By Allison Cooper. Image via iStock.
I can remember the scream as if it is a movie that plays in my memory. The piercing shrill that filled our tiny apartment as my son recalled an image that startled him from a Minecraft YouTube video he had watched earlier in the day.
No matter how much you try to protect your child, you never know what will be that “thing” in the world that turns into a huge fear for them. We rushed to his side, consoled him until he finally fell asleep, but this turned out to be much more than a one-time occurrence.
Days turned to weeks, weeks into months, and then finally my husband and I realised that an entire summer had passed us by dealing with our son’s fear each night. He would remind us as soon as it was time for the lights to go off that “every time I close my eyes, I can see him.” Such a scary thing to witness as a parent whenever you feel helpless in the matter.
Anxiety is a word that is used quite often in adulthood, but what happens when it’s a child dealing with it? Many times it’s brushed off as fear, leaving parents questioning: When is fear just fear, or time to talk to a doctor?

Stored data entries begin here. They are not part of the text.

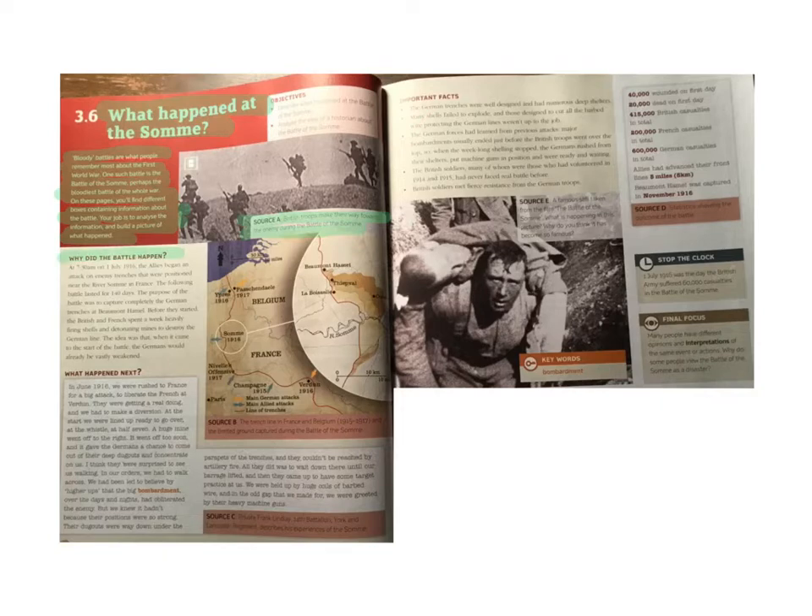Why did the battle happen? At 7.30am on the 1st of July 1916, the Allies began an attack on enemy trenches positioned near the River Somme in France. The following battle lasted for 140 days. The purpose of the battle was to capture completely the German trenches at Beaumont-Hamel. Before they started, the British and French spent a week heavily firing shells and detonating mines to destroy the German line. The idea was that, when it came to the start of the battle, the Germans would already be vastly weakened.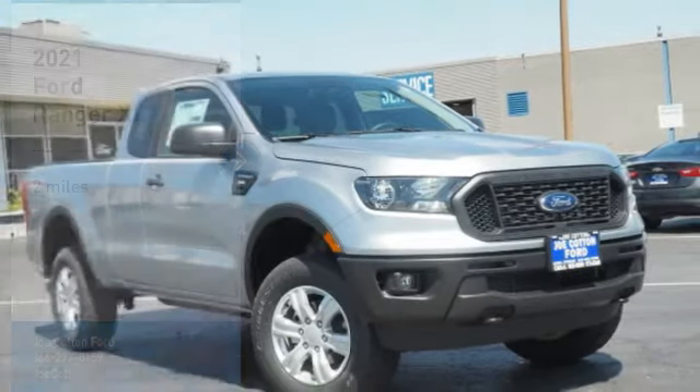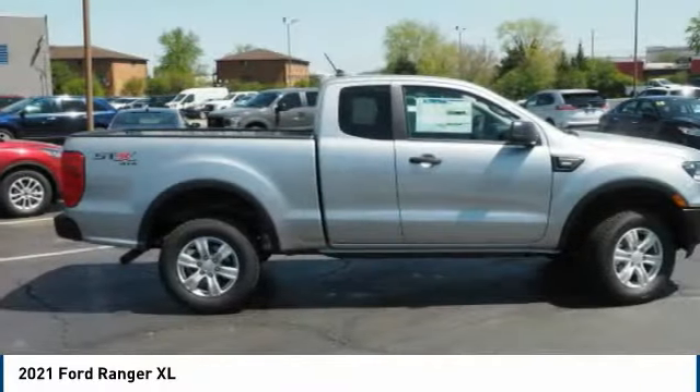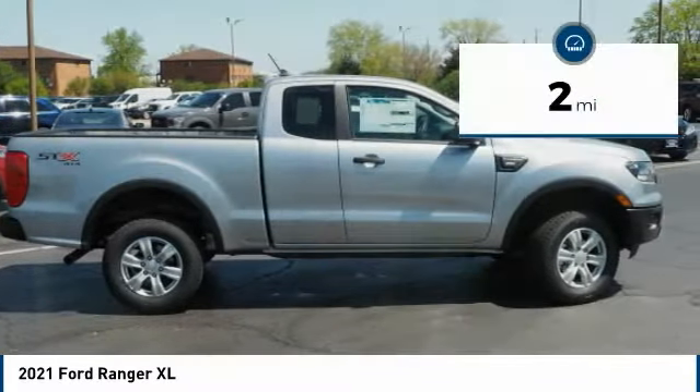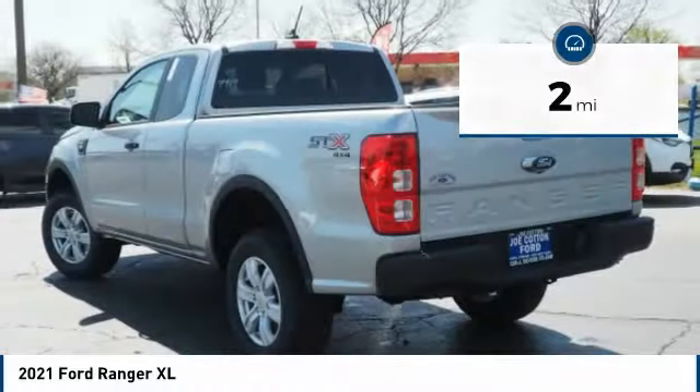Stop by and take a look at the 2021 Ranger. Tough inside and out, Ranger proves its metal. This vehicle has less than 100 miles. Here are some of this vehicle's great options.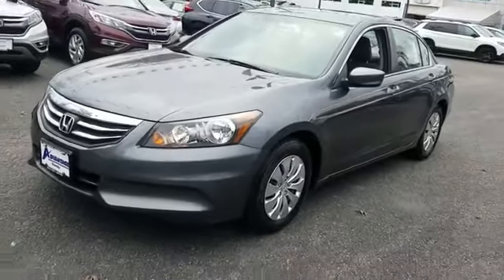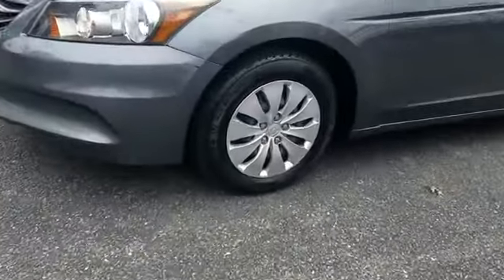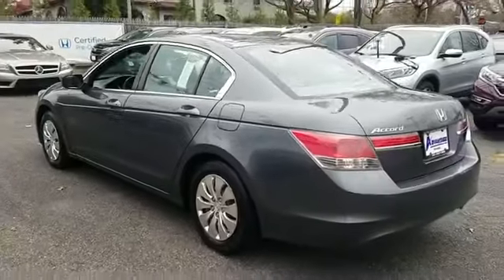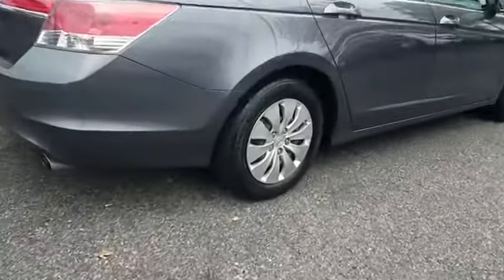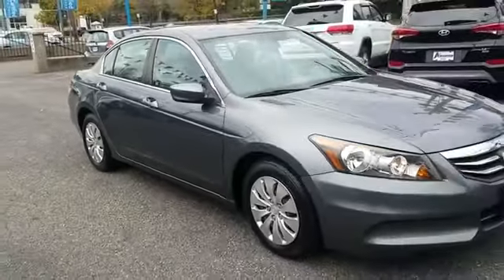2012 Honda Accord Sedan with less than 61,000 miles on the odometer. This sedan combines safety and comfort with style and performance. If you're looking for extras, look no further than these built-in features: pass-through rear seat, brake assist, power outlet, keyless entry, front bucket seats, steering wheel audio controls, automatic headlights, auxiliary input, stability control, and passenger side airbag sensor.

First and foremost, every experience is different, which can either be consoling or nerve-wracking. Not to mention it’s also a very frustrating experience as a parent. There are so many times where I just wanted to grab my son and tell him to snap out of it, because he was safe and cared for, but that wouldn’t have helped the situation anymore. I’m not a doctor, just a concerned mama, so here’s what we did whenever we noticed that this fear was getting out of hand. (Post continues after gallery.)
Talk about it.
Yes. Talk about the problem. Let them understand that you understand their fear and try to figure out a plan of action to work through it together. Let your kiddo know that you are on their side, that you’re not angry with them, but that sometimes in life we need to face our fears to overcome them. There is a huge learning experience here for the whole family.